Returns harmonized school-enrollment counts and rates, optionally broken down by color/race, administrative network, institutional type, or teaching modality. Series are pulled from all enrollment datasets shipped with the package and concatenated into the canonical long-format schema.

Usage

get_enrollment(
  level = NULL,
  network = NULL,
  institution_type = NULL,
  modality = NULL,
  year = NULL,
  geo_level = c("BR", "UF"),
  geo = NULL,
  dimension = c("none", "race"),
  indicator = NULL,
  source = NULL,
  include_derived = FALSE,
  wide = FALSE,
  lang = c("en", "pt")
)

Arguments

level

Character vector with one or more stage codes: "fundamental_anos_iniciais", "fundamental_anos_finais", "fundamental", "medio", "superior". NULL (default) means no filter.

network

Character vector with administrative-network codes ("federal", "estadual", "municipal", "publica", "privada", plus the post-2009 private subcategories "privada_particular", "privada_comunitaria_confessional_filantropica", "privada_lucrativa", "privada_nao_lucrativa", "especial", "total"). NULL (default) means no filter.

institution_type

Character vector restricting the institutional category (only meaningful for level = "superior"). See inst/dict/schema.yaml for the controlled vocabulary. NULL (default) means no filter; pass "total" to keep only rows that aggregate across institutional types.

modality

Character vector: "presencial", "ead", "total". NULL (default) means no filter.

year

Integer vector or two-element c(min, max) range. NULL for all years.

geo_level

One of "BR" (national, default) or "UF" (state).

geo

Character vector of 2-letter UF codes when geo_level = "UF". NULL (default) returns all UFs.

dimension

Inequality breakdown. One of "none" (default, totals only) or "race". Future versions add "sex", "income", "location".

indicator

Character vector. "count" for counts, "rate" for gross enrollment rates. NULL returns both.

source

Character vector of source keys (see inst/dict/vocabularies/sources.yaml). NULL returns all available sources. Tip: when the same (year, level, network) is covered by multiple sources (common in the tertiary panel), pass source = "..." to lock down a single series.

include_derived

Logical. If FALSE (default), excludes the so-called reconstructed totals — rows where the value was computed by combining components from different sources (typically the in-person enrollment from a single-source paper plus the EAD enrollment from INEP, for 2000-2008 where the original sources under-reported the combined total). Set to TRUE to include them. The composition is documented in source_note; the source column for these rows carries the composite key "<presencial_source>+<ead_source>". Has no effect on datasets that do not carry an is_derived flag.

wide

Logical. If TRUE, pivots the indicator column to wide form (one column per indicator). Default FALSE.

lang

One of "en" (default) or "pt". When "pt", factor levels are translated using inst/dict/i18n.yaml.

Value

A tibble following the canonical schema in inst/dict/schema.yaml. Optional columns (institution_type, modality, is_derived) are present whenever any of the loaded datasets carries them; for rows coming from datasets without that column the value defaults to "total" (or FALSE for is_derived).

Examples

if (FALSE) {
# National series, ensino fundamental, all years
get_enrollment(level = "fundamental", geo_level = "BR")

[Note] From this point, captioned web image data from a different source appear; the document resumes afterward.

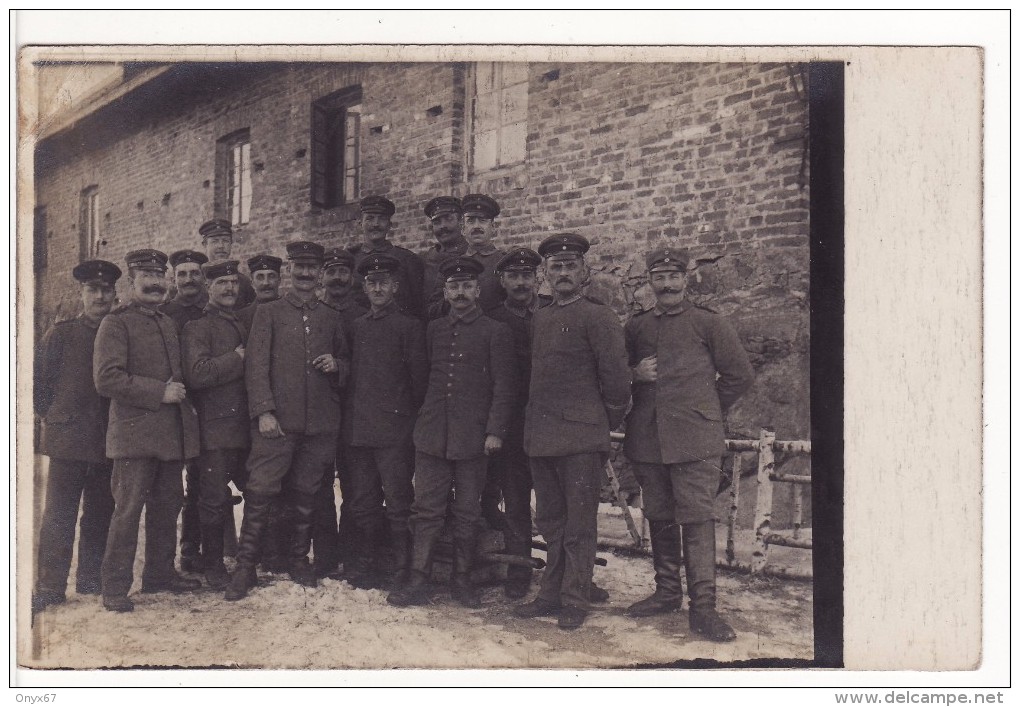 Carte Postale Photo Militaire Allemand De RUSSIE ( Russland ) 03-02-1918-Soldaten-Krieg-Groupe De Soldats A SITUER  ? - Rusland
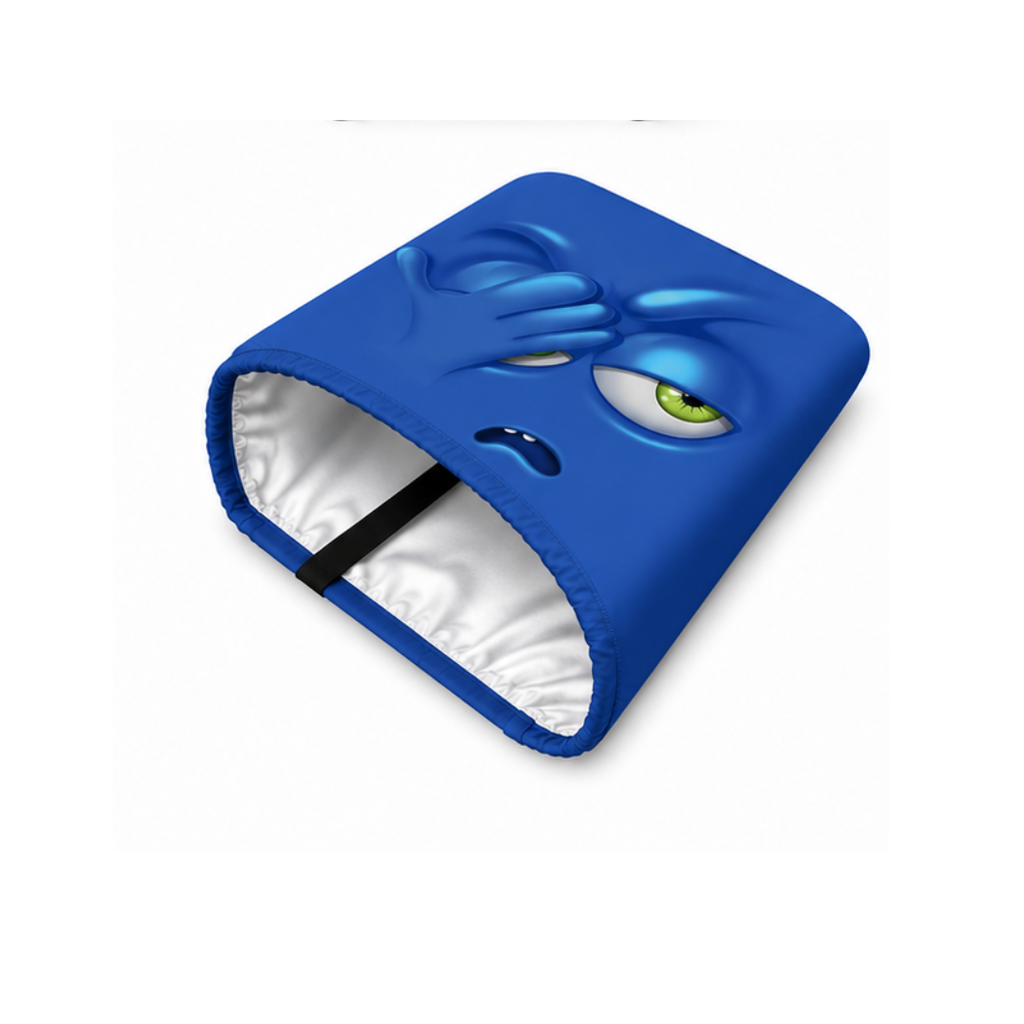 Protective Suitcase Cover for Luggage Blue Face - MEDUIM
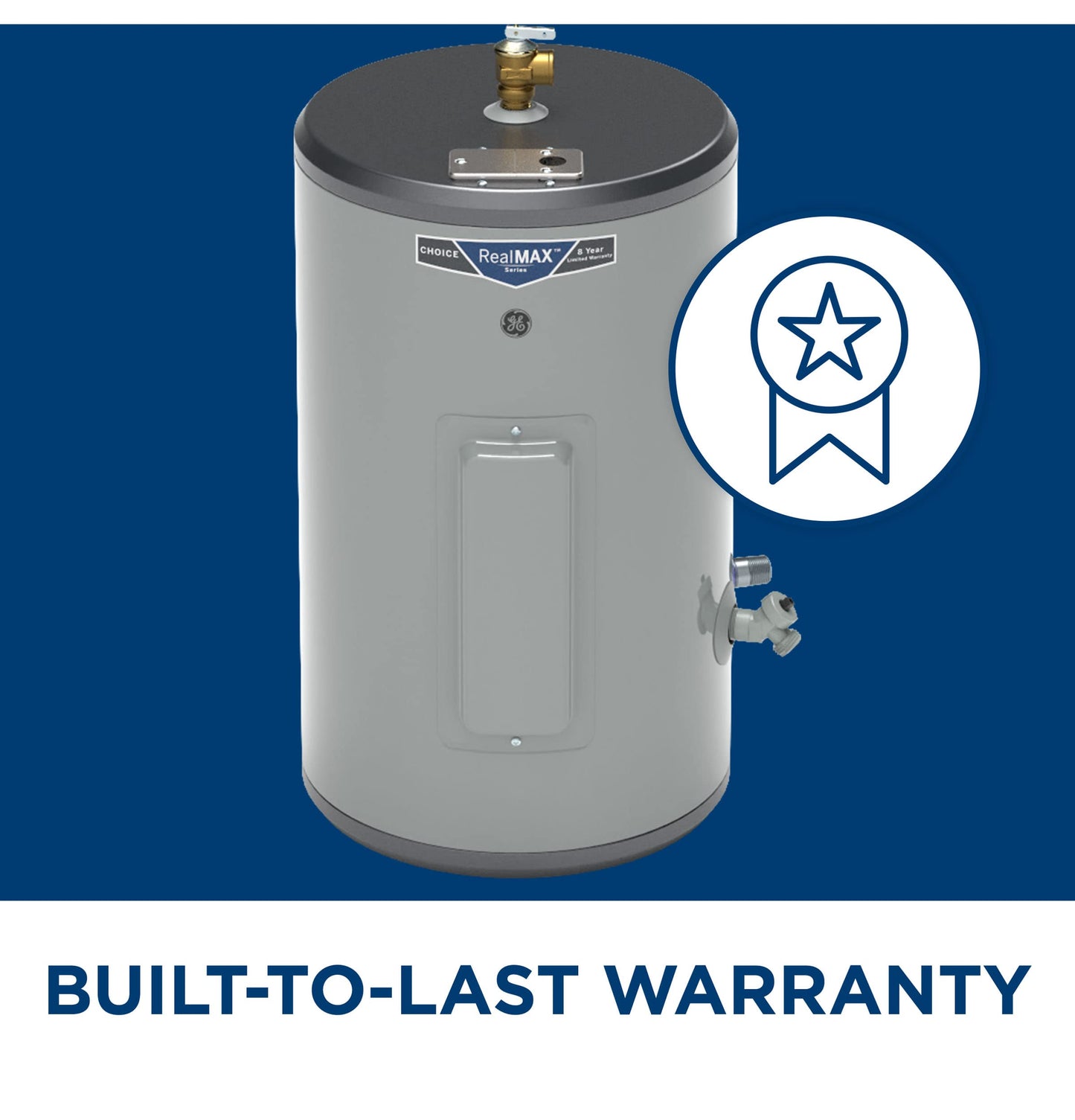 GE Appliances 18 Gallon Versatile Plug and Play Electric Water Heater with Adjustable Thermostat, Easily Installs Where You Want It, 120 Volt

# Tertiary enrollment, all sources, compare them
get_enrollment(level = "superior", network = "total", modality = "total")

# Tertiary private particular only, post-2000
get_enrollment(level = "superior", network = "privada_particular",
               year = c(2000, 2024))

# Compare with derived rows included
get_enrollment(level = "superior", network = "total",
               year = c(2000, 2008), include_derived = TRUE)
}